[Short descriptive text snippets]
+--
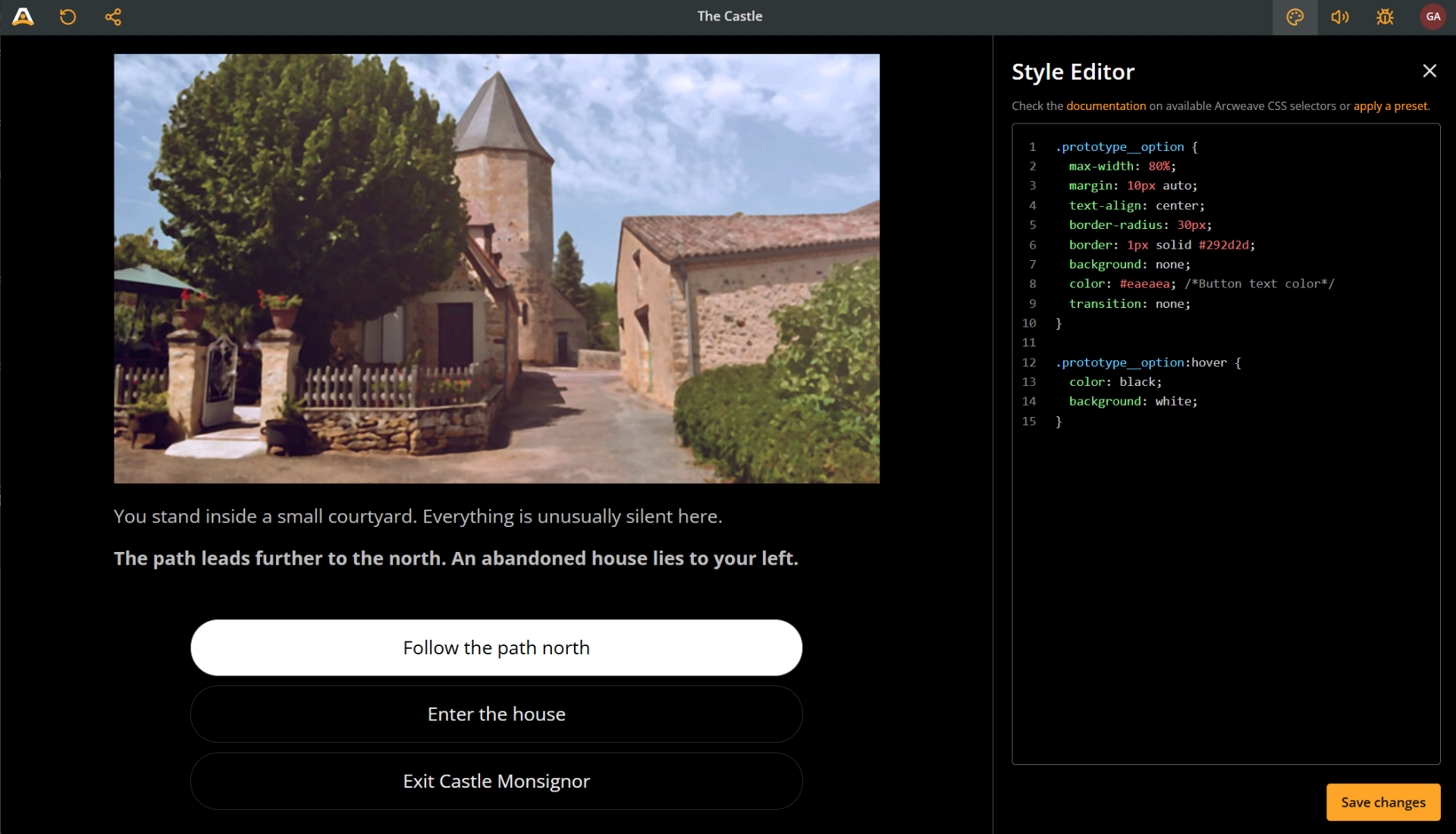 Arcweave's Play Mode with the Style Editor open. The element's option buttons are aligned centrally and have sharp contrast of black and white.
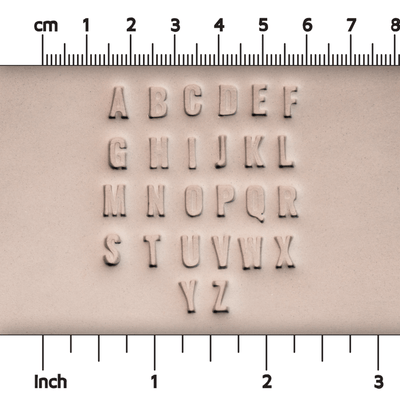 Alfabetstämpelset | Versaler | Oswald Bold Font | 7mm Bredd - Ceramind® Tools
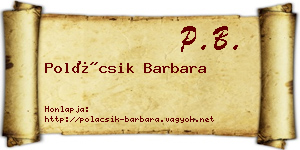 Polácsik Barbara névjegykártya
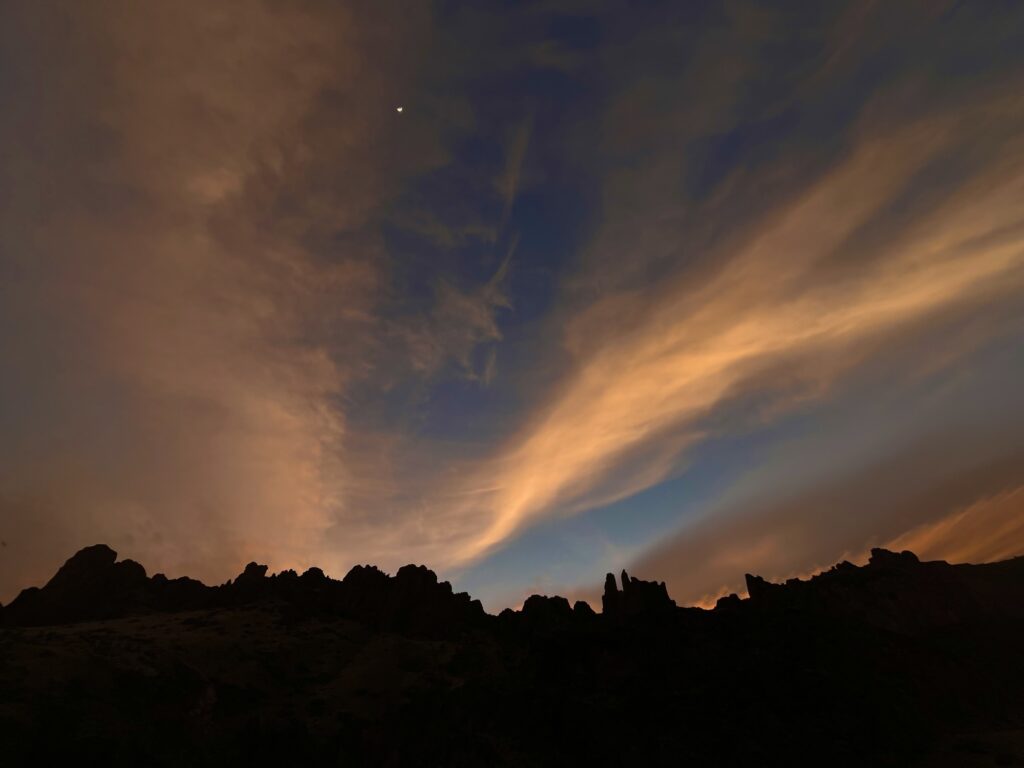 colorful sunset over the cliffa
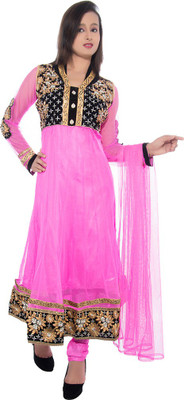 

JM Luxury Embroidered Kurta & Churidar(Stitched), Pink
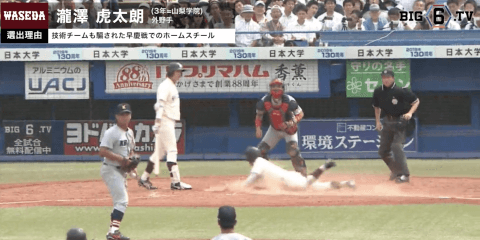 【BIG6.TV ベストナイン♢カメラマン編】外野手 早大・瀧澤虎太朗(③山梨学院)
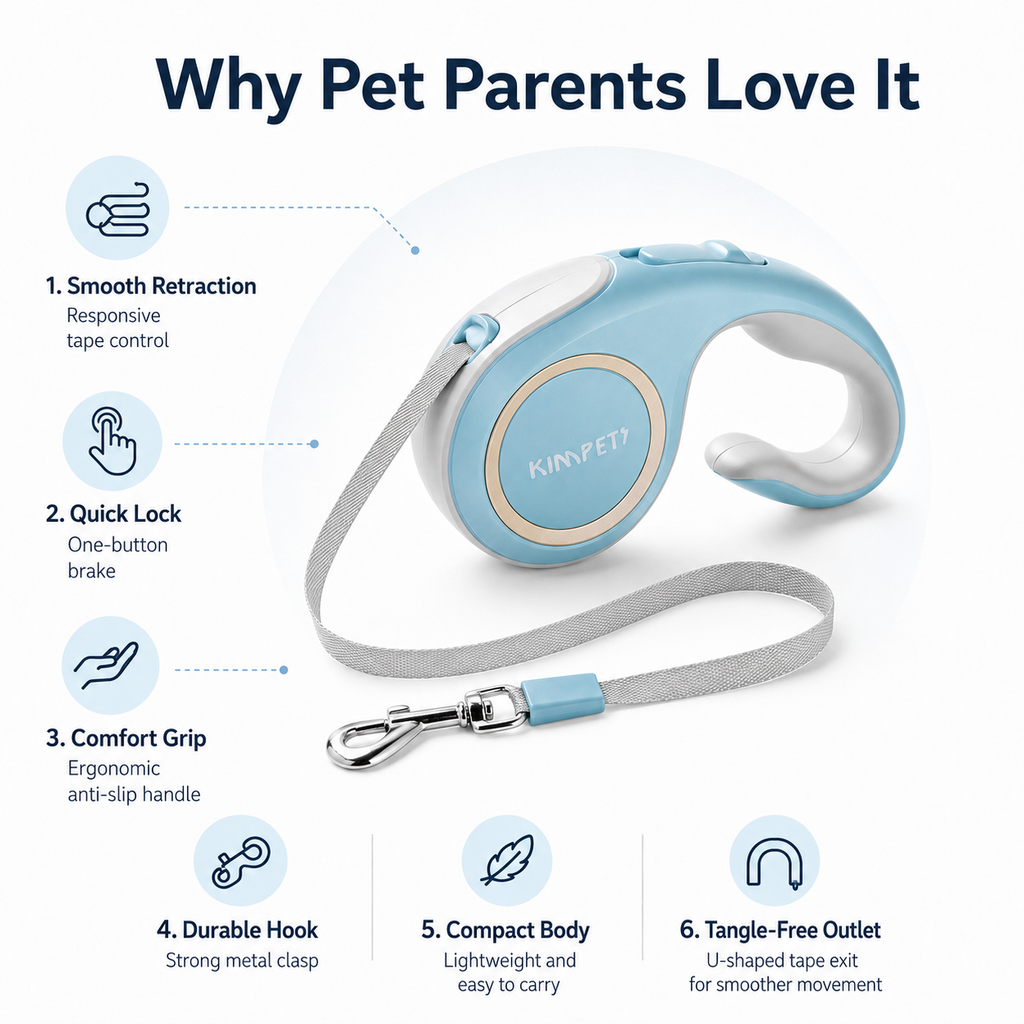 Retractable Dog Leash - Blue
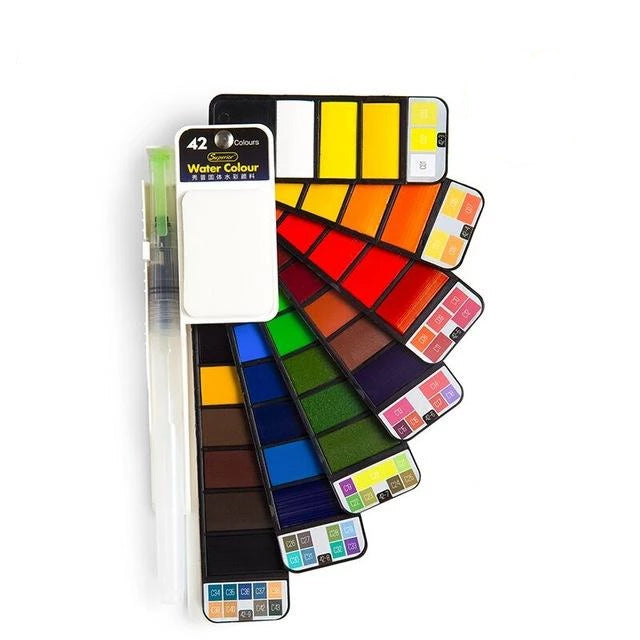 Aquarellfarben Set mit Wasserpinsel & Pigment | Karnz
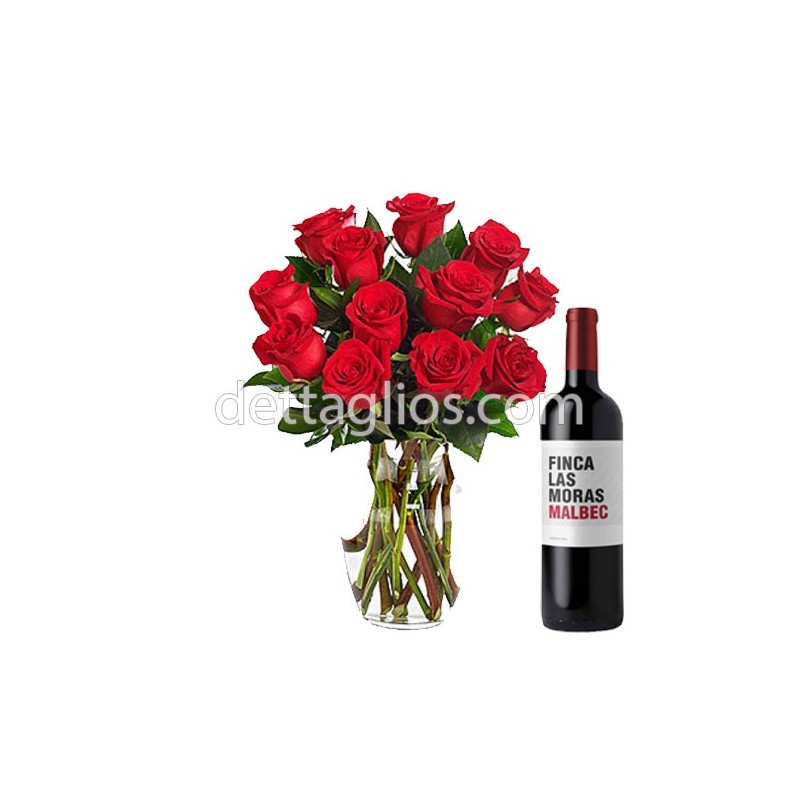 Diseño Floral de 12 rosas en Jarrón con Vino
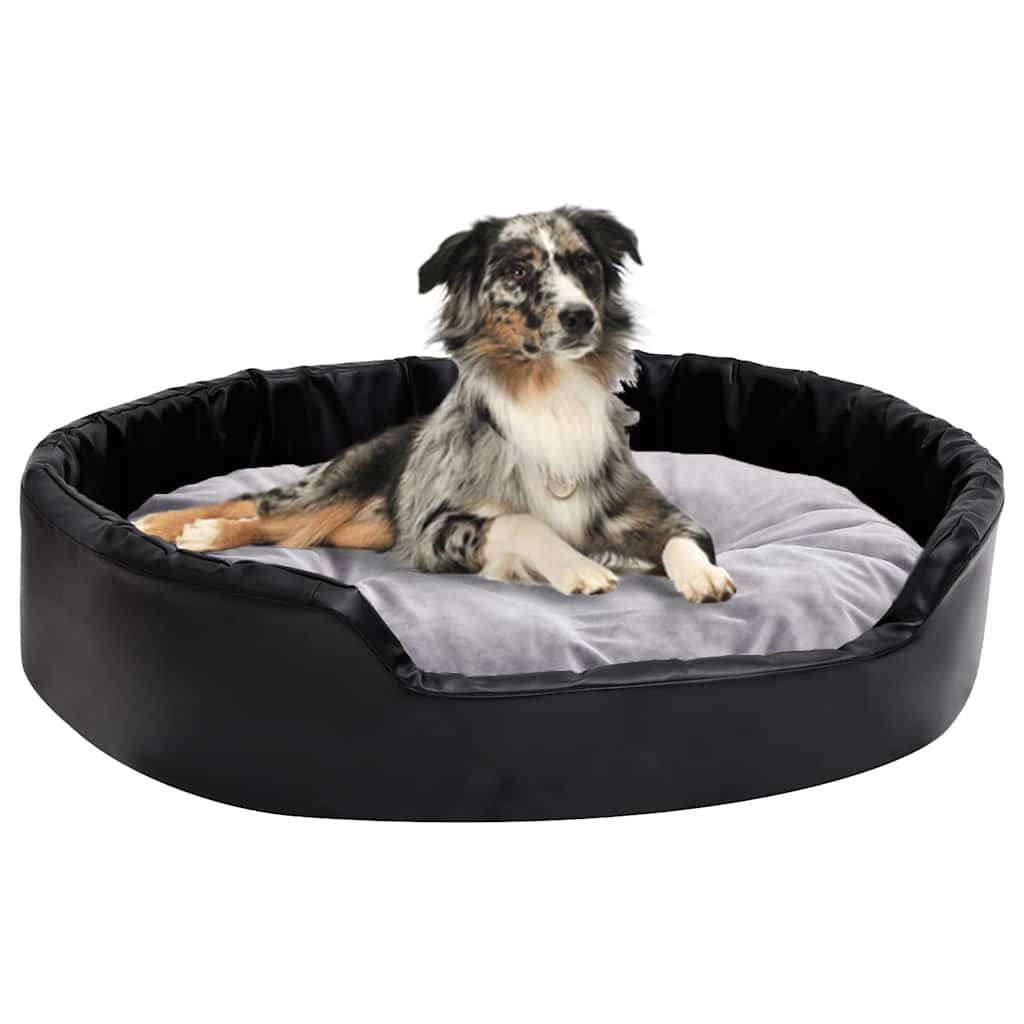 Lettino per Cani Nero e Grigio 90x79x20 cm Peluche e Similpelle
+--
Extract the entries in full, exactly as they are, minus the pictures.

 Arcweave's Play Mode with the Style Editor open. The element's option buttons are aligned centrally and have sharp contrast of black and white.
 Alfabetstämpelset | Versaler | Oswald Bold Font | 7mm Bredd - Ceramind® Tools
 Polácsik Barbara névjegykártya
 colorful sunset over the cliffa

JM Luxury Embroidered Kurta & Churidar(Stitched), Pink
 【BIG6.TV ベストナイン♢カメラマン編】外野手 早大・瀧澤虎太朗(③山梨学院)
 Retractable Dog Leash - Blue
 Aquarellfarben Set mit Wasserpinsel & Pigment | Karnz
 Diseño Floral de 12 rosas en Jarrón con Vino
 Lettino per Cani Nero e Grigio 90x79x20 cm Peluche e Similpelle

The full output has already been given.